Levante evidencia que as diferentes condições estruturais e sociais mudam significativamente o direito à justiça reprodutiva. Lorre Motta (Ciano) -ele/dele- destaca que isso se reflete na própria trama da personagem principal. “Quando uma pessoa preta busca saber sobre um aborto, ela é imediatamente encontrada, notificada. Toda perseguição que a Sofía e o grupo dela sofrem é por ela ser hipervisível, porque uma pessoa branca, cisgênera, vai fazer isso da forma mais anônima possível. Jamais seria condenada pela lei e jamais sofreria a violência que corpos pretos e/ou trans sofrem. A gente está exposto até demais.”

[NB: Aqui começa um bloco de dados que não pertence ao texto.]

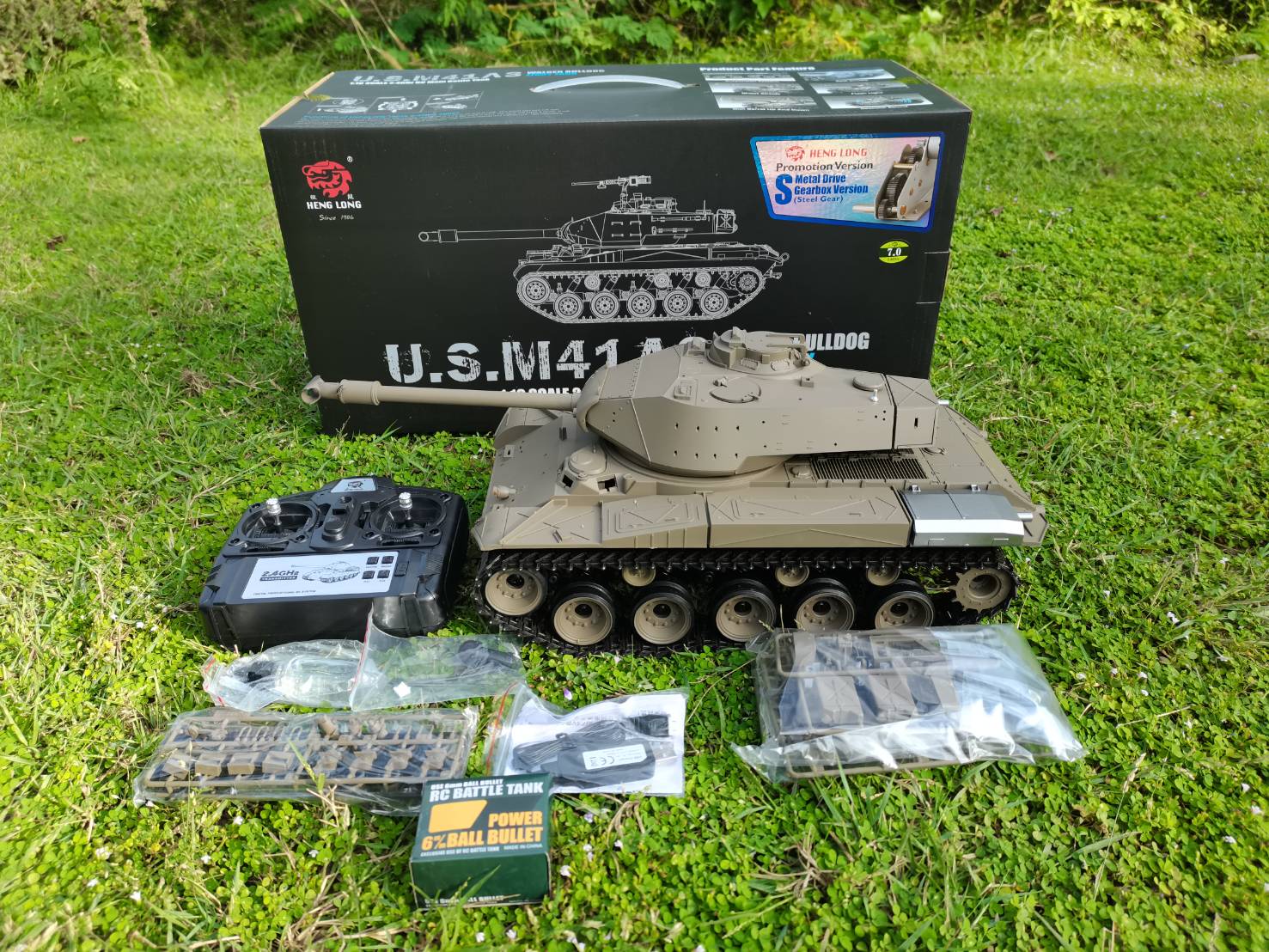 รถถังบังคับ HENG LONG 1/16 U.S. M41A3 WALKER BULLDOG ระบบชุดเกียร์โลหะ ยิงกระสุนได้มีควันและเสียงเคื่องยนต์ ระบบการทำงานเหมือนจริงมากๆ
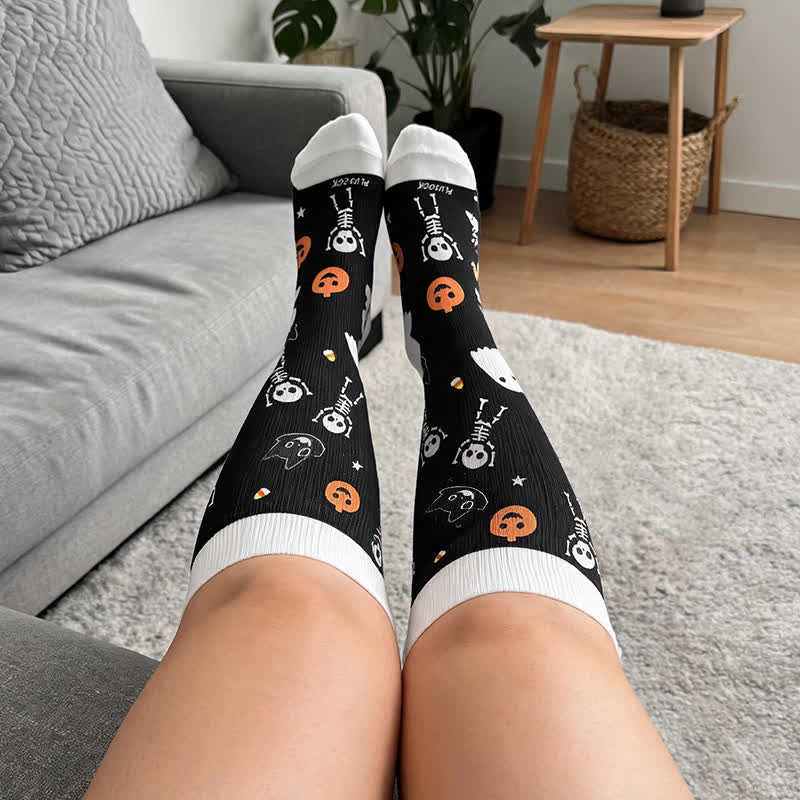 Plus Size Midnight Mischief Halloween Kompressionsstrümpfe - image 1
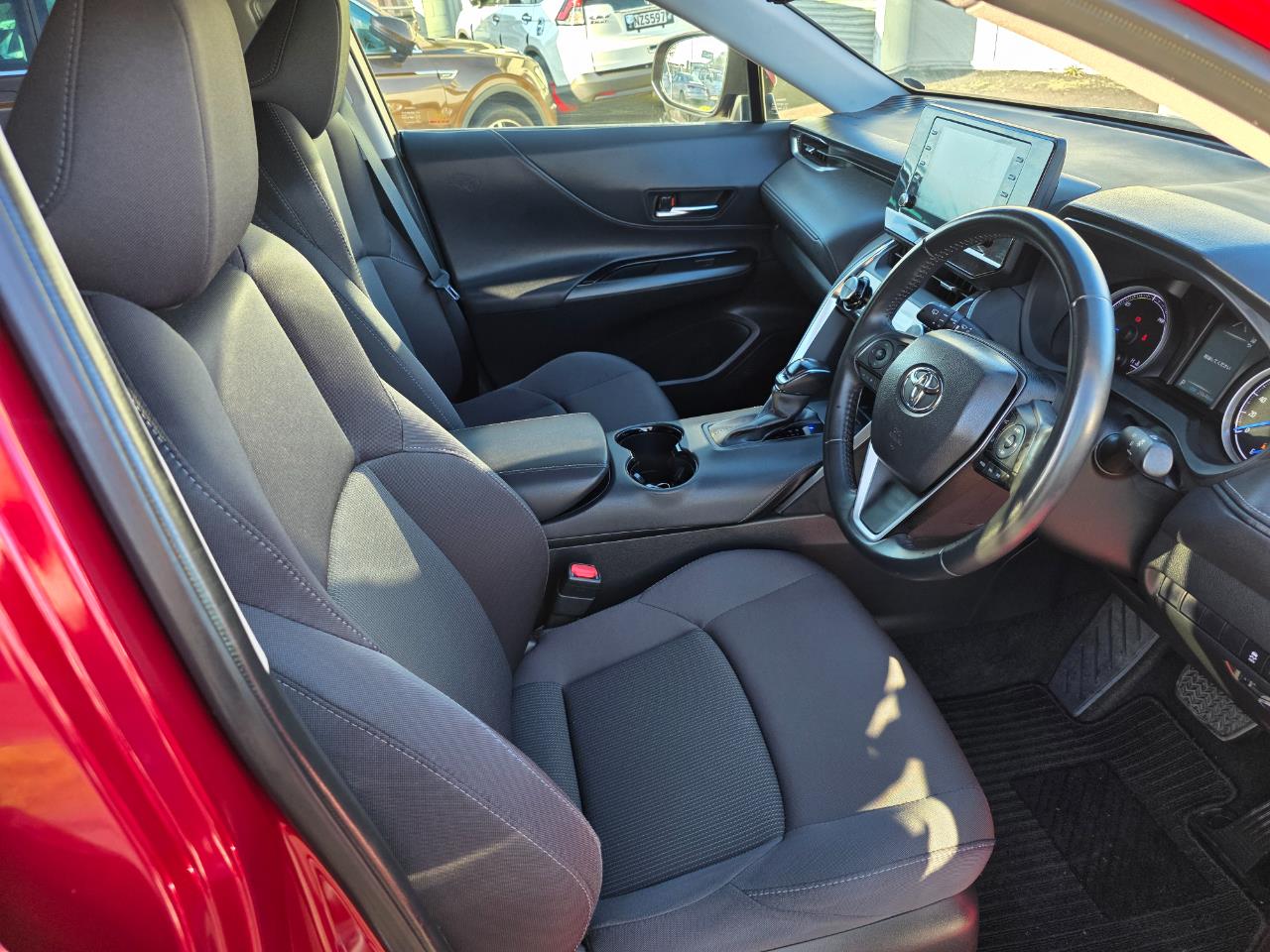 2020 Toyota Harrier Hybrid with Revesing Camera, Parking Sensors, Cruise Control ! Carousel 7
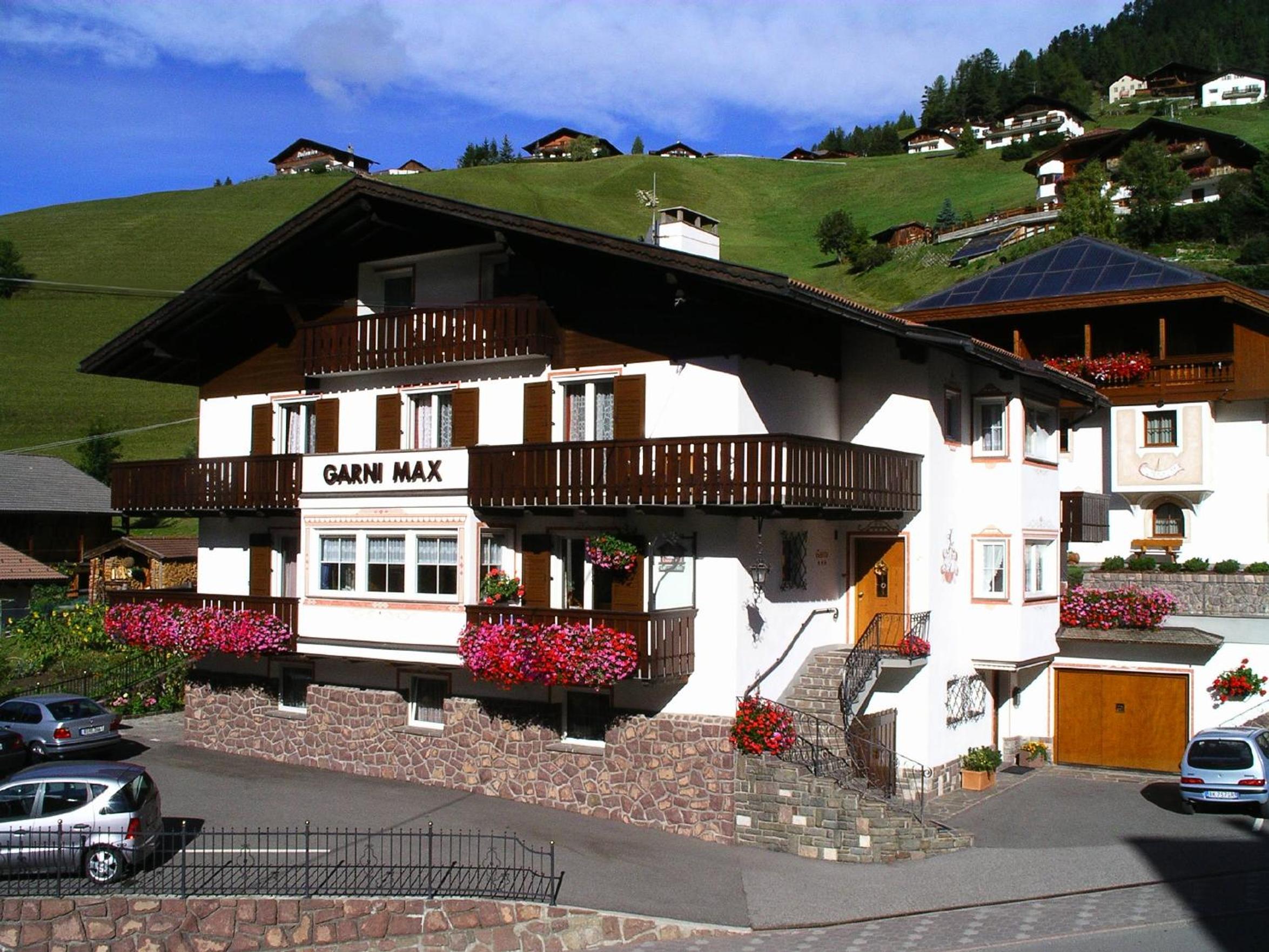 Garni Hotel Max view 4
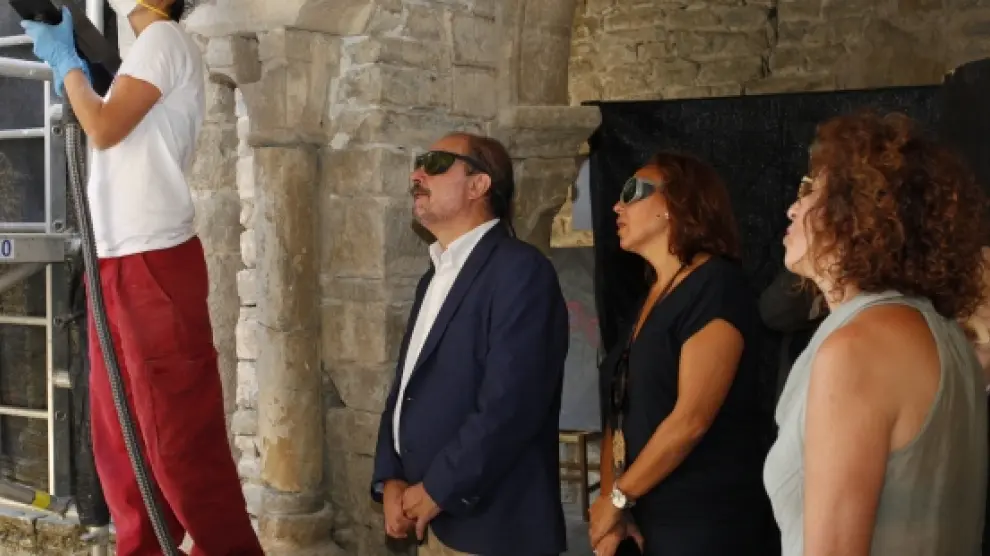El presidente del Gobierno aragonés, Javier Lambán, y  la consejera de Cultura, Mayte Pérez, han visitado las obras.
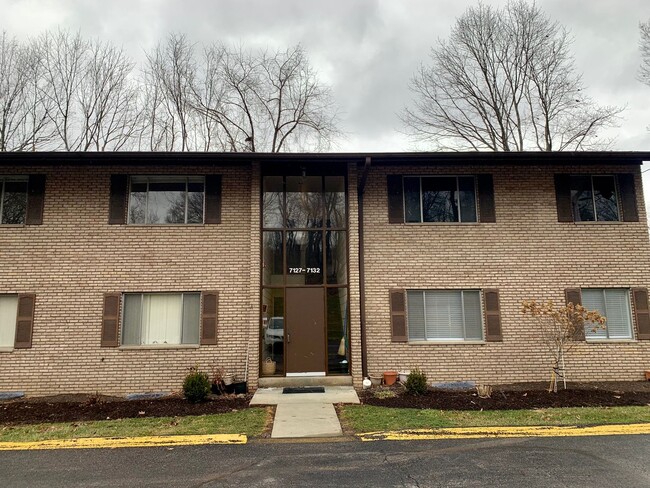property at 7132 Sanlin Dr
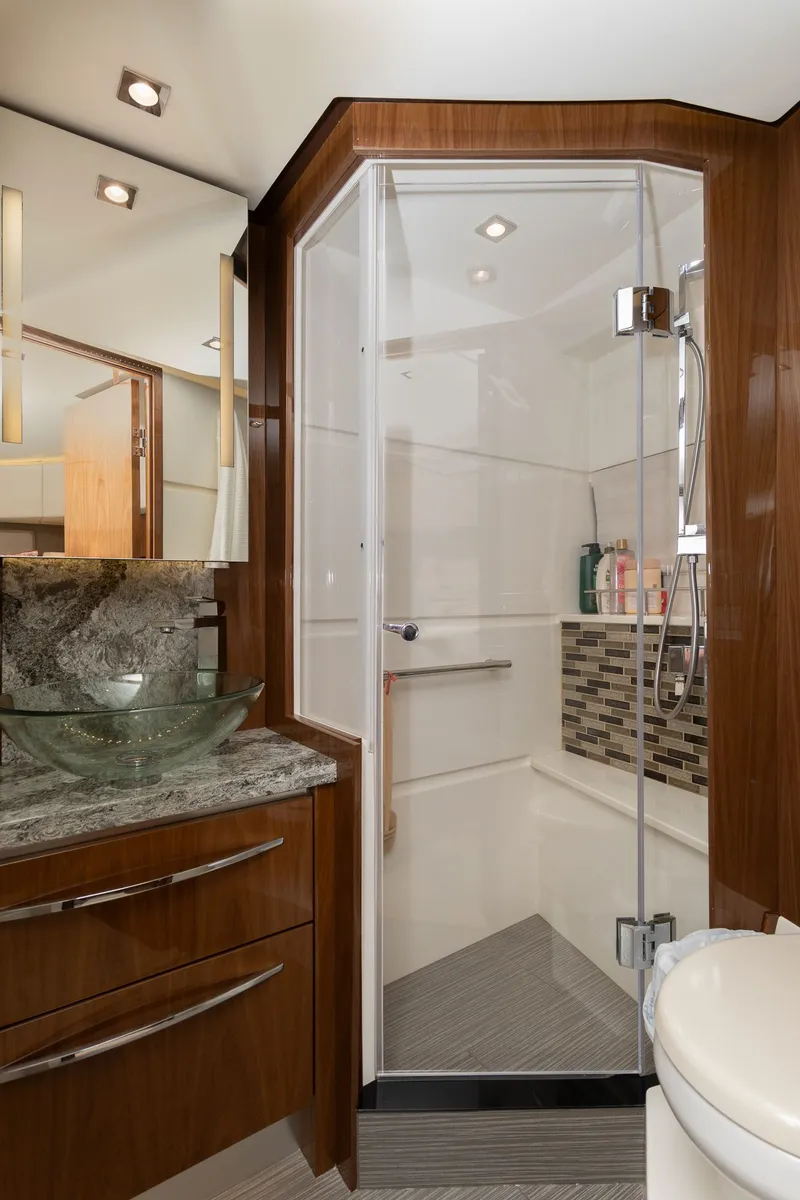 Slide: The Image of Luxurious bathroom on the 2018 Sea Ray L650 Fly yacht. - 47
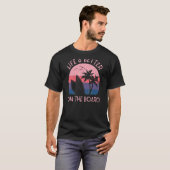 Summer Surf Style Lifeu2019s Better on the Board V T-Shirt (Vorne ganz)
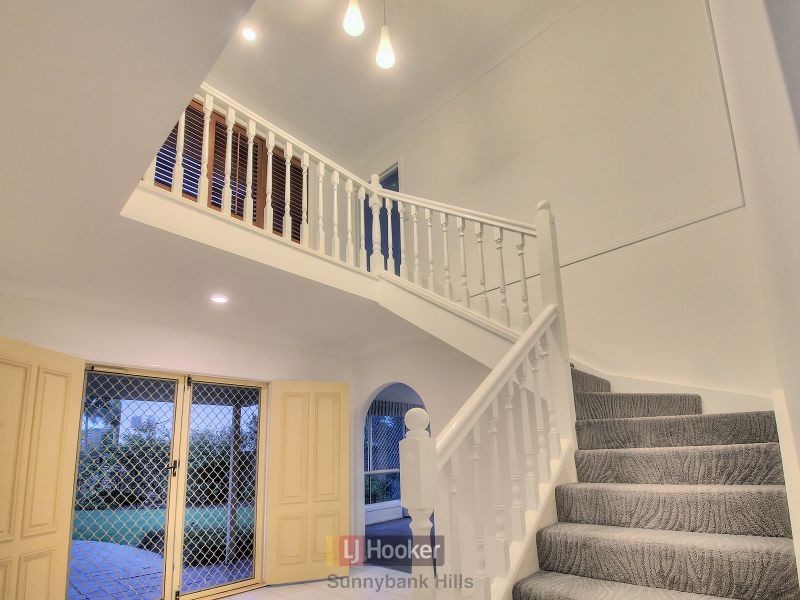 4 Karka Close, Eight Mile Plains QLD 4113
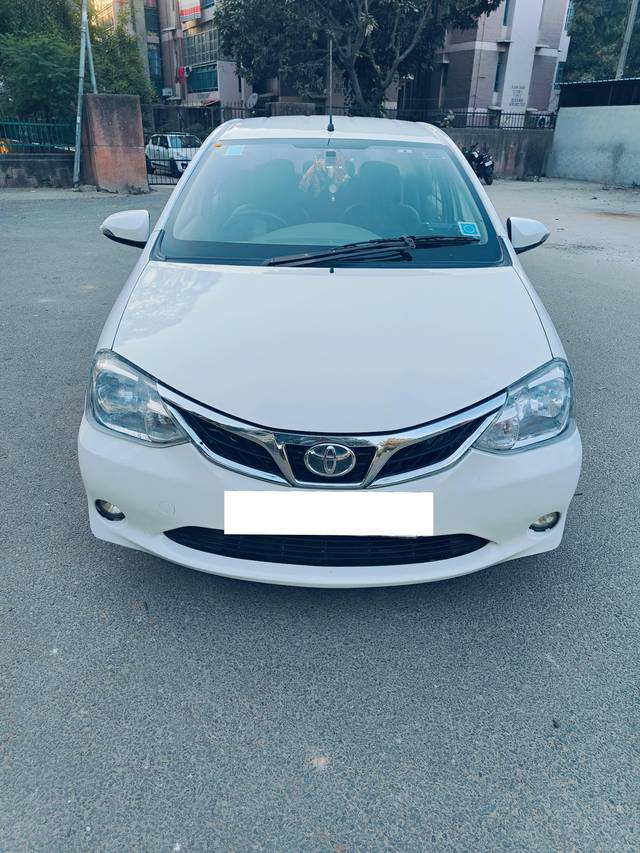 https://images10.gaadi.com/usedcar_image/4310838/original/processed_24d7f246fd93b18699d4c8985e3a5973.jpg?imwidth=6400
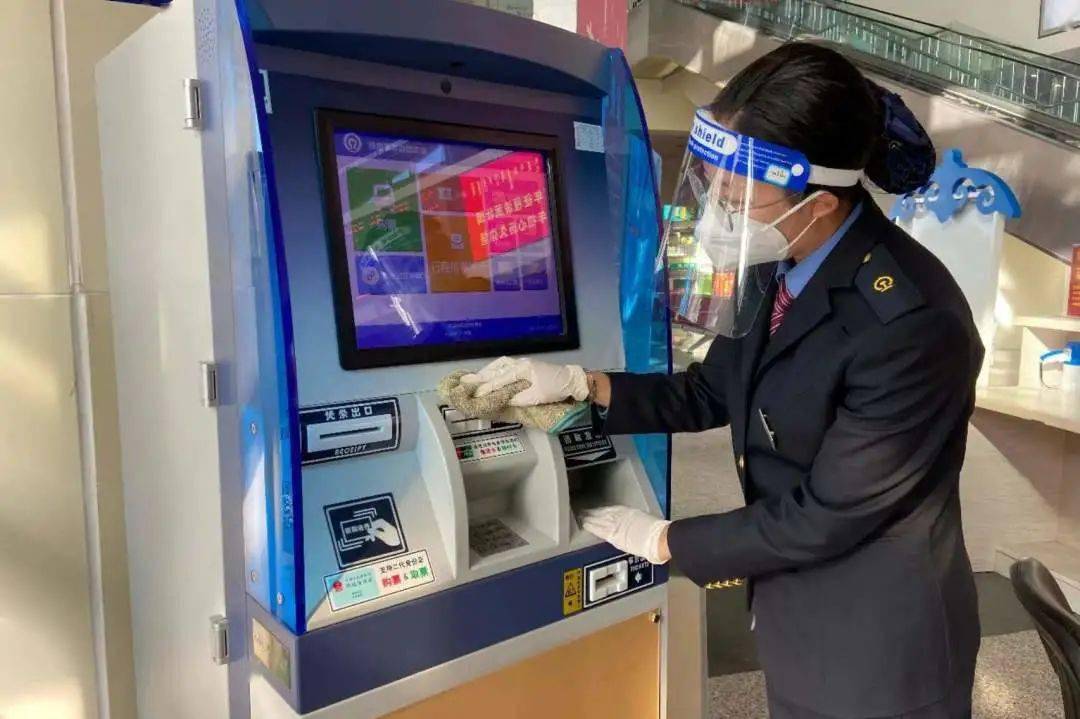 【观察】内蒙古各大火车站实地探访→_旅客_包头_呼和浩特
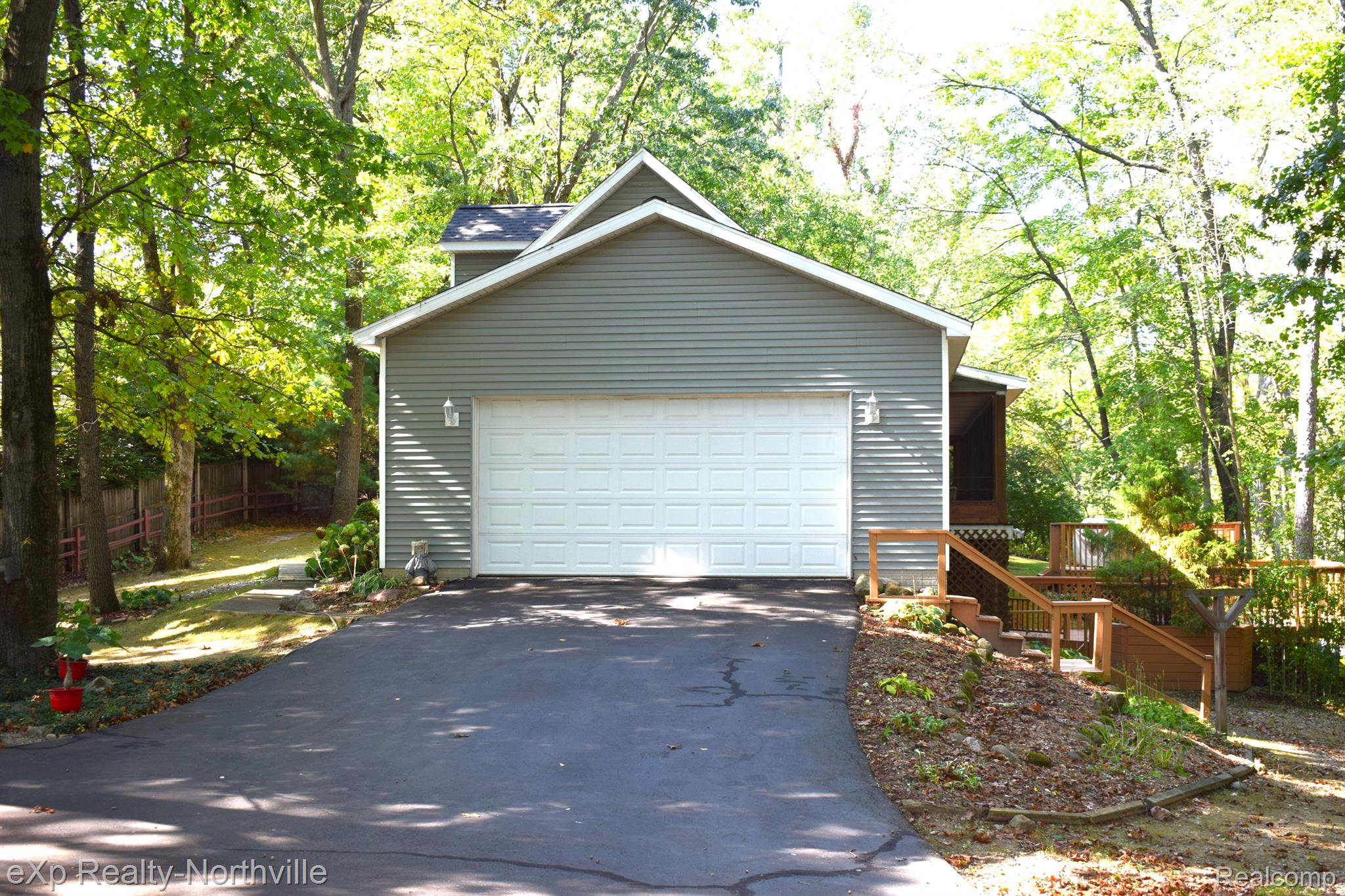 5995 Seymour Road Jackson, MI 49201 - Photo 32 of 43 From side lot line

A atriz Karina Ishida (Mayumi) – ela/dela – explica que “o que mais inspira é quebrar estigmas e parar de fingir que as coisas não acontecem, ou que é só com algumas pessoas”. Em um dos lançamentos do filme, a equipe perguntou para o público da sala de cinema quantas pessoas conhecem alguém que já havia abortado, e, elas contam, que praticamente todo o cinema ficou todo de pé. Vale destacar que em nenhum momento é relevante à narrativa o modo como Sofia engravidou. A decisão dela é o ponto de início e, mesmo que esse seja apenas um detalhe, a escolha de não mostrar o que aconteceu antes diz muito sobre o argumento central do longa-metragem.
A trilha sonora, composta por Maria Bertoldo, com participação especial de Badsista e Juçara Marçal, também dá o ritmo do filme e ocupa um lugar central na trama. As artistas contam que as próprias ideias para as músicas surgiram a partir de playlists colaborativas entre a equipe durante a preparação de elenco. É destaque também a fotografia, dirigida por Wilma Esser, em que as imagens revelam gozo e alegria sem fetichizar corpos LGBTQIA+s. É possível sentir através do que vemos que as imagens são construídas de dentro para dentro, e não a partir de um olhar exterior, cis-masculino.
Embora a presença feminina e dissidente seja marcante e maioria, o personagem do pai João (Rômulo Braga) também ganha importância no desenrolar de Levante. Lillah conta que a entrada desse personagem no roteiro também foi gradual, após uma série de pitches e reformulações. A presença do pai rende alguns dos melhores diálogos do filme, como o momento em que Sol (Grace Passô), treinadora do time, o aconselha: “Ou você ajuda ou você atrapalha”. O vínculo entre pai e filha também reforça o compromisso do filme em mostrar que o aborto é um tema para todas as pessoas.
O longa é repleto de imagens que acrescentam camadas oníricas e afetivas. Ao contrário do que se pode esperar em uma narrativa vendida pelo conservadorismo como violenta, o filme abre espaço para um mel que escorre, através de planos detalhes muito bem escolhidos, e de uma cumplicidade que fica visível, e encoraja, que assiste. Em resumo, o filme faz diversas defesas, que vão além do direito de decidir e existir. Defende também um cinema em que corpos marginalizados não sejam vitimizados na tela, mas que possam ser vistos como dignos de amor, afeto, doçura, e família. Em Levante, o coletivo não é uma utopia.